About this task
From the material below, set down exactly the lines that run from the one containing "Baby Deluxe Peacock Costume Size 18M 2T" to the one containing "Тумба с раковиной", minus the pictures.

Data
-- Opening Marker --

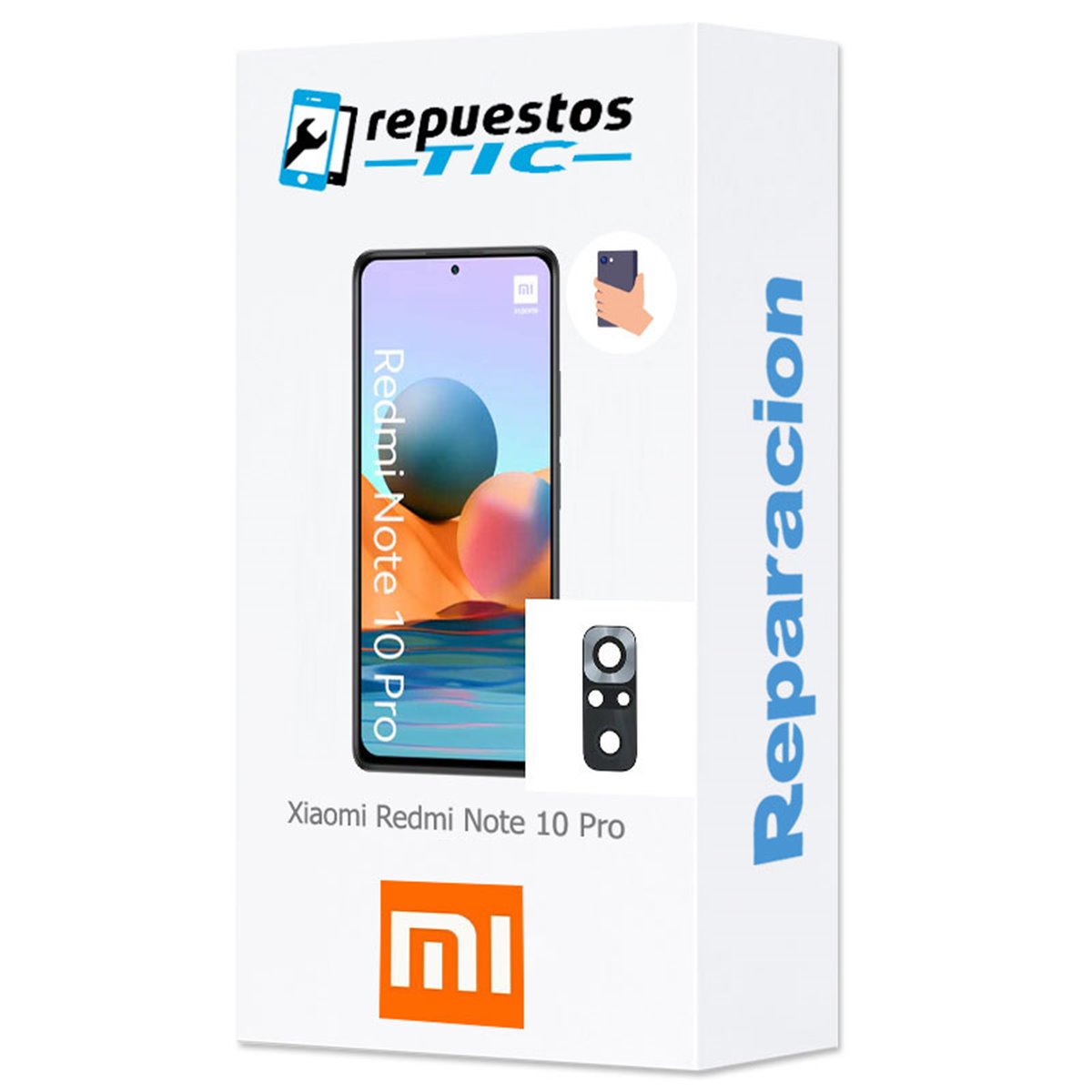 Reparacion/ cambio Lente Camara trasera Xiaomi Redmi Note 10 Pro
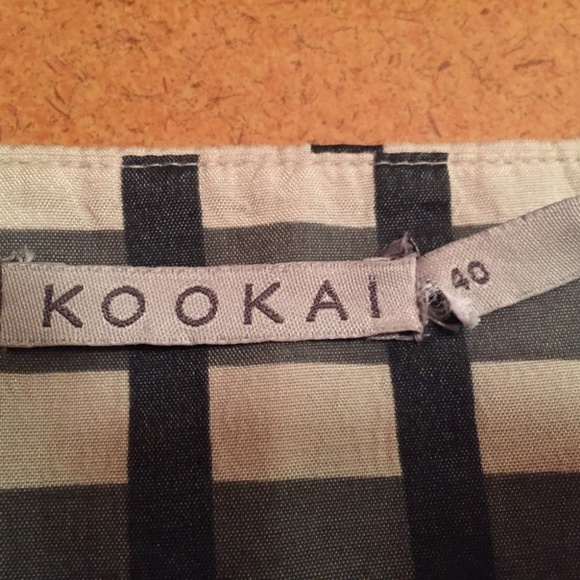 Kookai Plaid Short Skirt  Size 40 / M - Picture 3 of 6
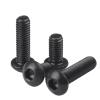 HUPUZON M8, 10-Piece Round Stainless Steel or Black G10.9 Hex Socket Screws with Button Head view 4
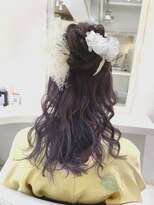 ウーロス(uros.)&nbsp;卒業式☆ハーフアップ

-- Closing Marker --
-- Opening Marker --

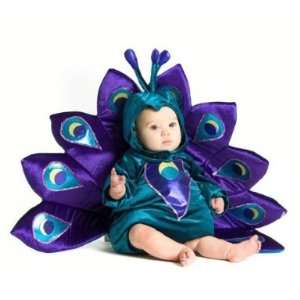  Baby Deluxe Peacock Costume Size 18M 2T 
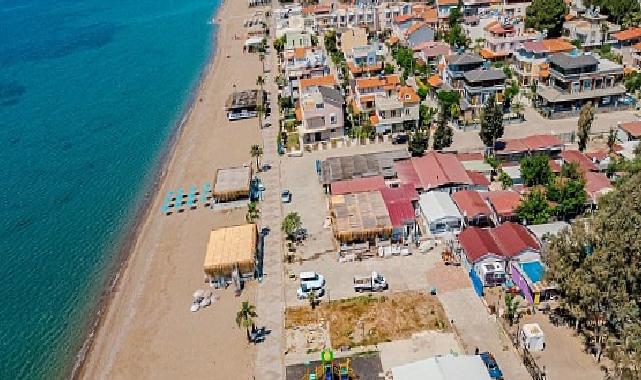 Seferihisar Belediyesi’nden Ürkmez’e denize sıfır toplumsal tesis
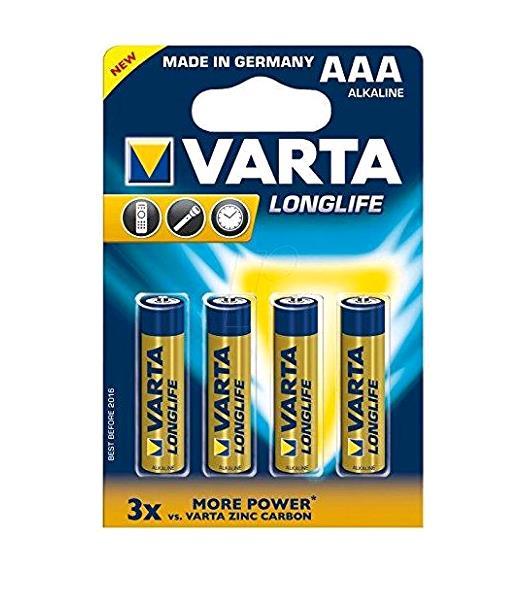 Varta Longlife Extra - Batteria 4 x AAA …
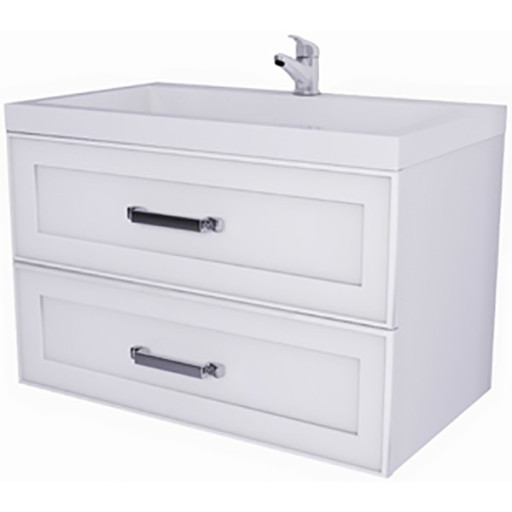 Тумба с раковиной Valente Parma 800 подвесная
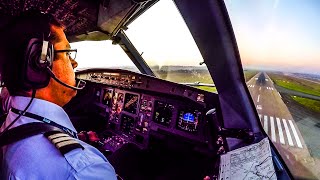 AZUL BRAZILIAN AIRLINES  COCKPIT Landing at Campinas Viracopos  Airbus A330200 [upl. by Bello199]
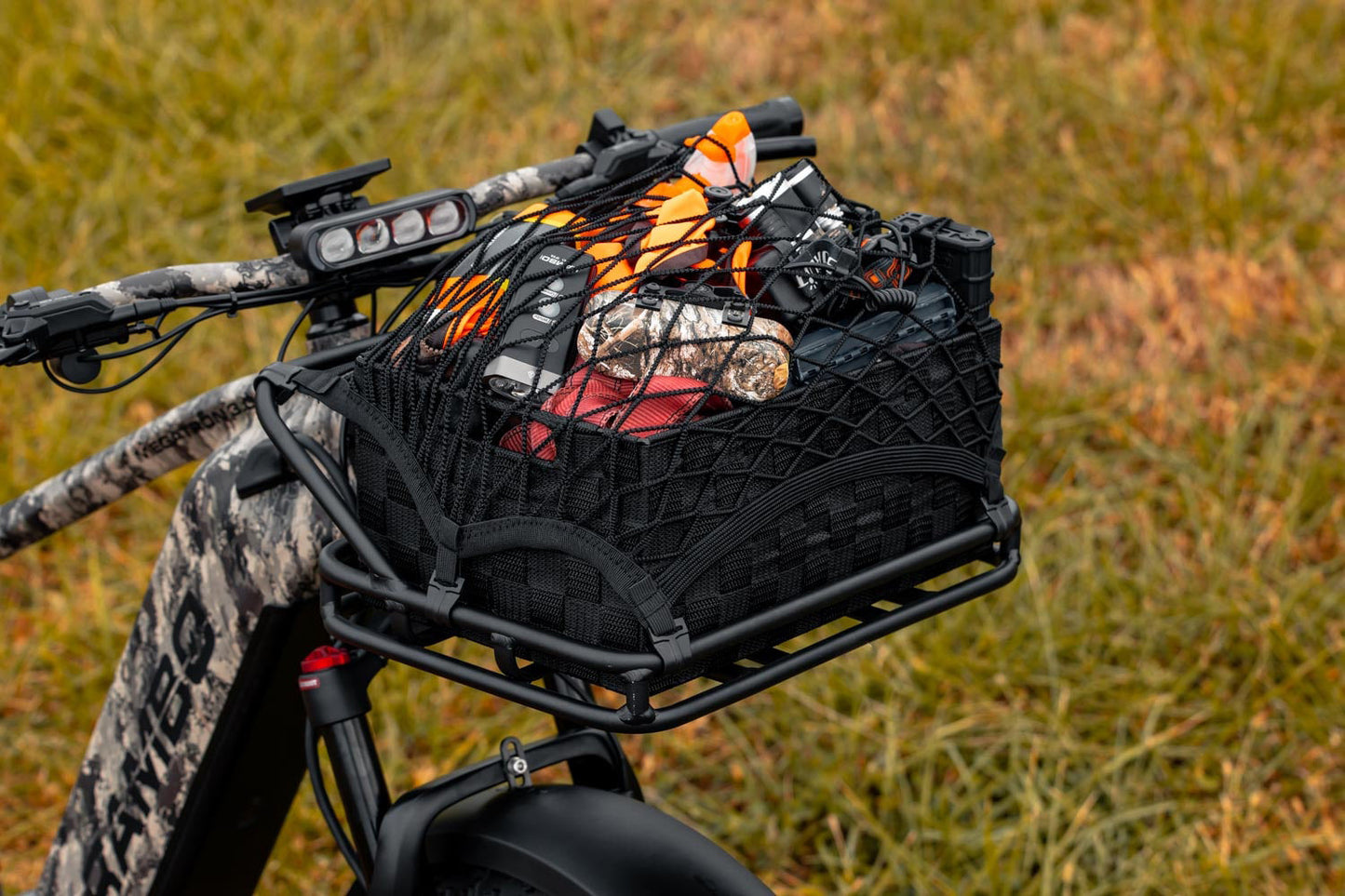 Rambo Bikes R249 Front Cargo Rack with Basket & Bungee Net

-- Closing Marker --

Your response
  Baby Deluxe Peacock Costume Size 18M 2T 
 Seferihisar Belediyesi’nden Ürkmez’e denize sıfır toplumsal tesis
 Varta Longlife Extra - Batteria 4 x AAA …
 Тумба с раковиной Valente Parma 800 подвесная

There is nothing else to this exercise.